Several different commercial systems are used. In November 2016, Racine County used two: The Optech Eagle, an opscan machine that reads paper ballots marked by voters, and the AVC Edge, for voters who need an accessible system. Although an Edge unit is in each of Racine County’s polling places, the large majority of voters (98.2%) chose to use a paper ballot, according to data submitted by Racine County municipalities to the Wisconsin Elections Commission (WEC).
Responsibility for the security for the machines and their software changes several times during each election cycle. When the machines or software are manufactured, serviced, or updated, private companies control the security. Between elections, municipal clerks are responsible for the security of the voting machines themselves, and typically county clerks responsible for the security of the software. Soon before each election, the software is provided to the municipal clerk, and on Election Day, poll workers in each polling place must ensure security.
Before every election, each voting machine must be set up to process the unique ballot for that election, typically by the county clerk or a vendor. During the week before the election, the municipal clerks test each machine publicly to demonstrate that they are counting accurately.
Election Night vote-counting
On Election Night, votes are tabulated by the computer in each voting machine. After the polls close, poll workers, known as election inspectors, unlock the machines and press a “Print Totals” button. The machine then prints a poll tape showing the machine’s calculated totals for each race. Totals are reported for each candidate and for the number of ‘undervotes,’ or ballots from which the machine detected no vote in that race.
Elections inspectors also look through all the ballots to find the write-in votes, and hand-tabulate the votes for registered write-in candidates. These candidates are not listed on the ballot, but did file paperwork with the WEC indicating their candidacy. Election inspectors in Wisconsin are not required to count any other write-in votes, either individually (e.g. 3 for Bernie Sanders, 4 for Aaron Rodgers, etc.) or in the aggregate (e.g., 7 unregistered write-in votes). However, the reporting software and forms allow local election officials to report the total number of protest write-in votes in a category called ‘scattering.’ This reporting is optional, and Racine County did not report these votes. Counties that did count and report ‘scattering’ votes reported that about 1 in every 100 ballots (0.955%) contained a ‘scattering’ vote for president.

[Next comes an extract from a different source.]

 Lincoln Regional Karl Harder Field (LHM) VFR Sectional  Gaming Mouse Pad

The lead election inspector in each polling place completes an ‘inspector’s report,’ on which he or she records basic information about the conduct and results of the election in that polling place, and in particular notes any oddities or irregular occurrences.

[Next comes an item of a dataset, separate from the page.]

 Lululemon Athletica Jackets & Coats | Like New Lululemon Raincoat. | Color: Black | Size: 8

Review and certification of election results
Municipal reviews of the election records and results, called canvasses, must be completed within the week following each election. Led by the municipal clerks, these efforts review the inspectors’ reports to note any unresolved issues, resolve any provisional ballots, review the election records to ensure they are complete and in order, and certify (that is, approve as ‘complete and true’) any municipal races on the ballot. (In November 2016, there were none.)

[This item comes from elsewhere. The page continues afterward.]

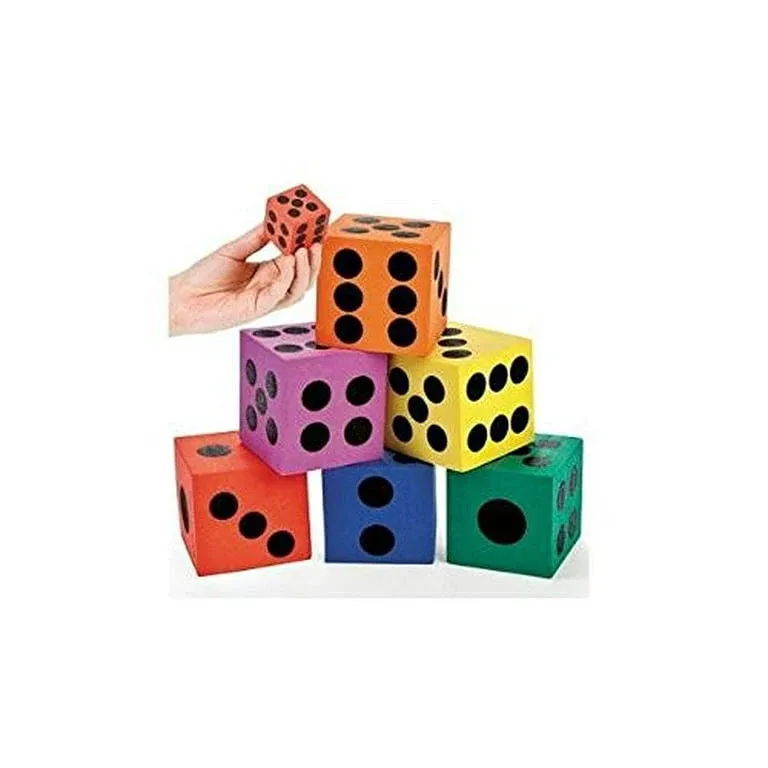 Foam Jumbo Playing Dice (12)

Municipal clerks then submit the election records to the county board of canvassers. The county board of canvassers consists of representatives of the Democratic and Republican parties and the county clerk. County clerks are elected constitutional officers with substantial independent authority.
Statutes describe no specific instructions or procedures for the canvass methods, but do impose timelines. For the most part, the county canvass must be completed within three weeks of Election Day. It is during this period that discrepancies could be noticed, if canvassers looked for them. County canvasses have the authority to have municipalities verify returns that don't make sense. The county canvassers review the returns submitted by the municipalities and if satisfied of their accuracy after review, certify the election results for federal, state, and county offices by signing a statement attesting that the results are 'correct and true.'
Certification makes election results final, and no further review is done unless someone successfully petitions for a recount within a short time after certification. Results are then submitted to the WEC, which has no statutory authority to conduct any further review of accuracy, beyond making sure all jurisdictions submitted results.